--- GIVEN MATERIAL ---
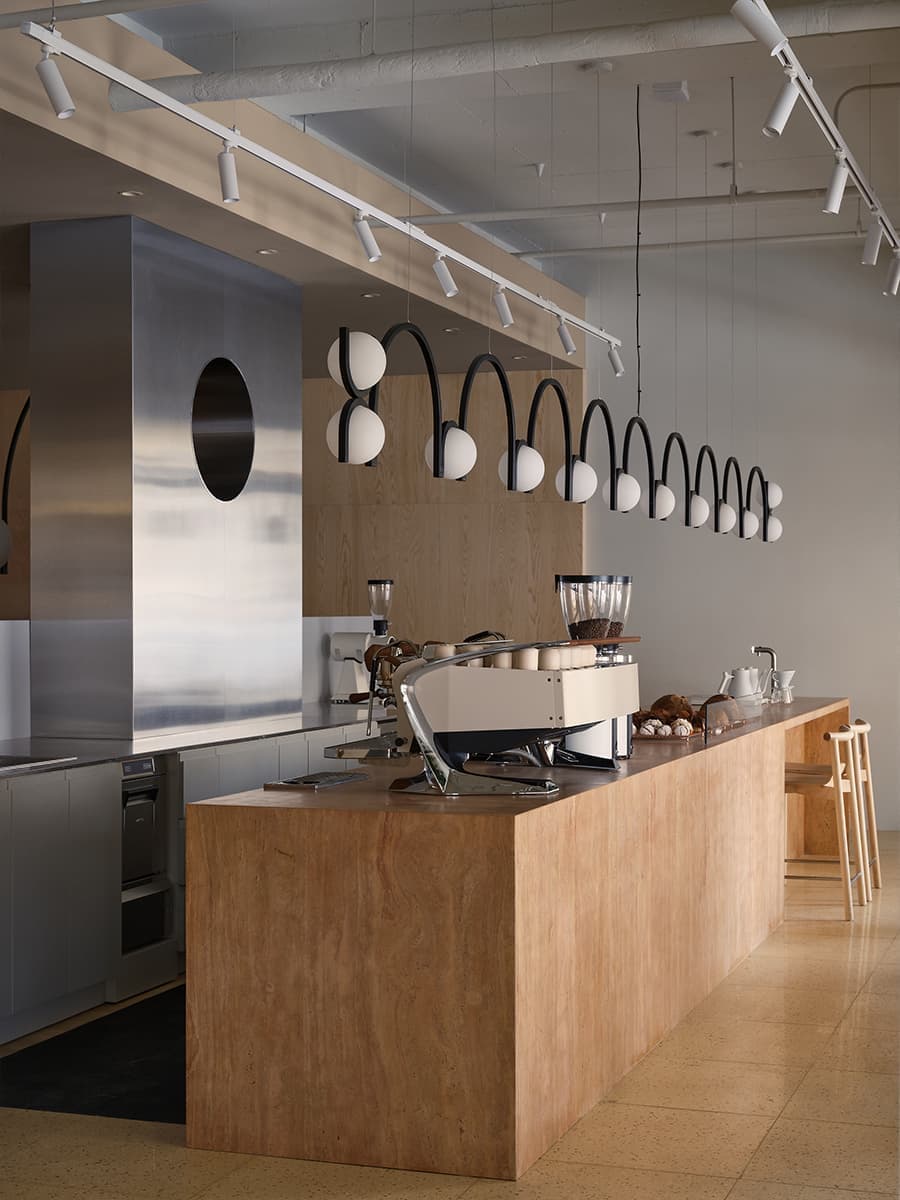 Авторские светильники и внимание к деталям в интерьере петербургской кофейни — проект Le Atelier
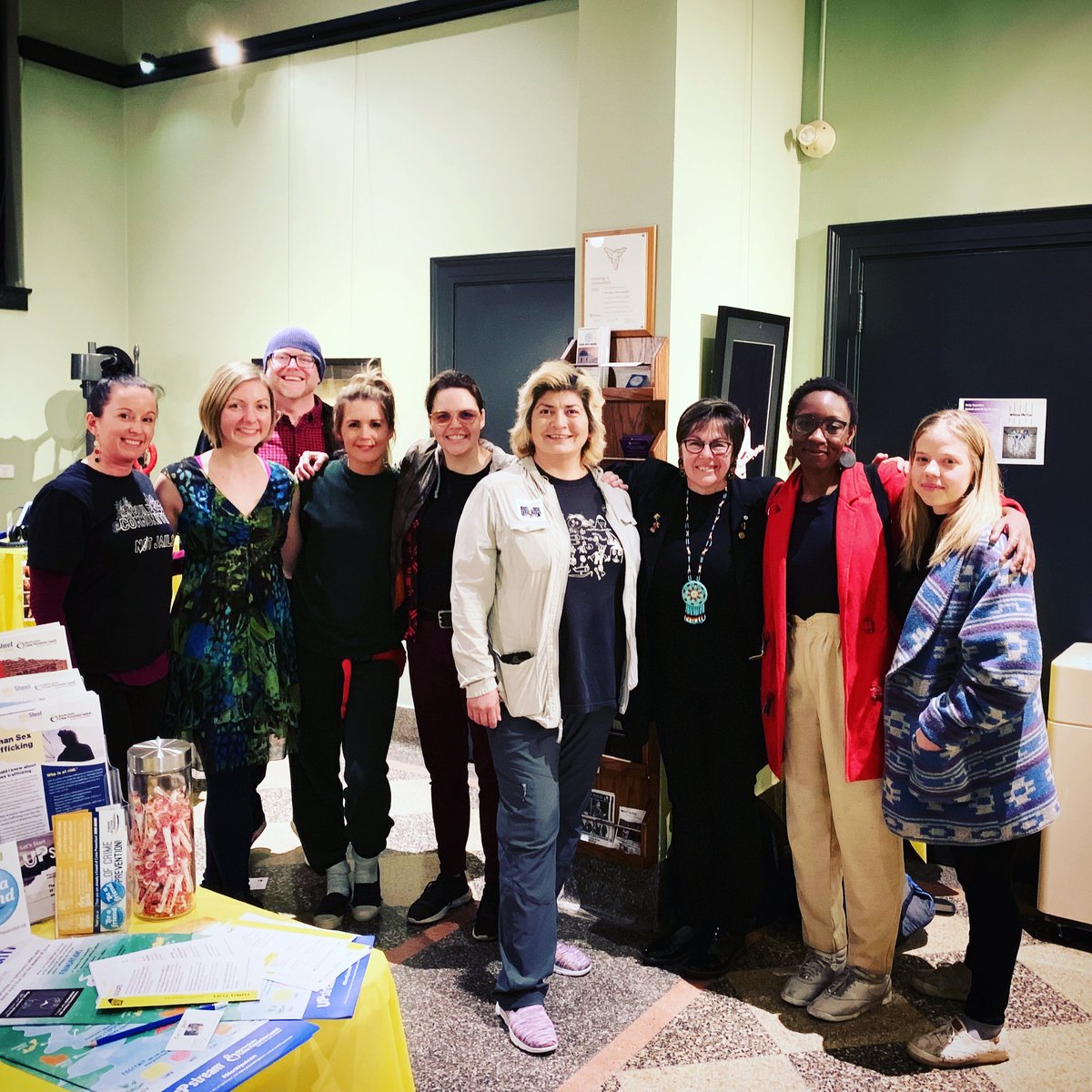 May 10: Had the honour of hosting @KPateontheHill &amp; @consandkernels for a post-show panel with others who've spent time in #correctionscanada. 

A sold out show &amp; standing ovation. Deep admiration for the cast who bring this show to life with so much heart &amp; soul. #GuardedGirls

--- WHAT IS BEING ASKED ---
The data above needs to be retyped exactly, with the images left out.

--- OUTPUT OF THE EXERCISE ---
 Авторские светильники и внимание к деталям в интерьере петербургской кофейни — проект Le Atelier
 May 10: Had the honour of hosting @KPateontheHill &amp; @consandkernels for a post-show panel with others who've spent time in #correctionscanada. 

A sold out show &amp; standing ovation. Deep admiration for the cast who bring this show to life with so much heart &amp; soul. #GuardedGirls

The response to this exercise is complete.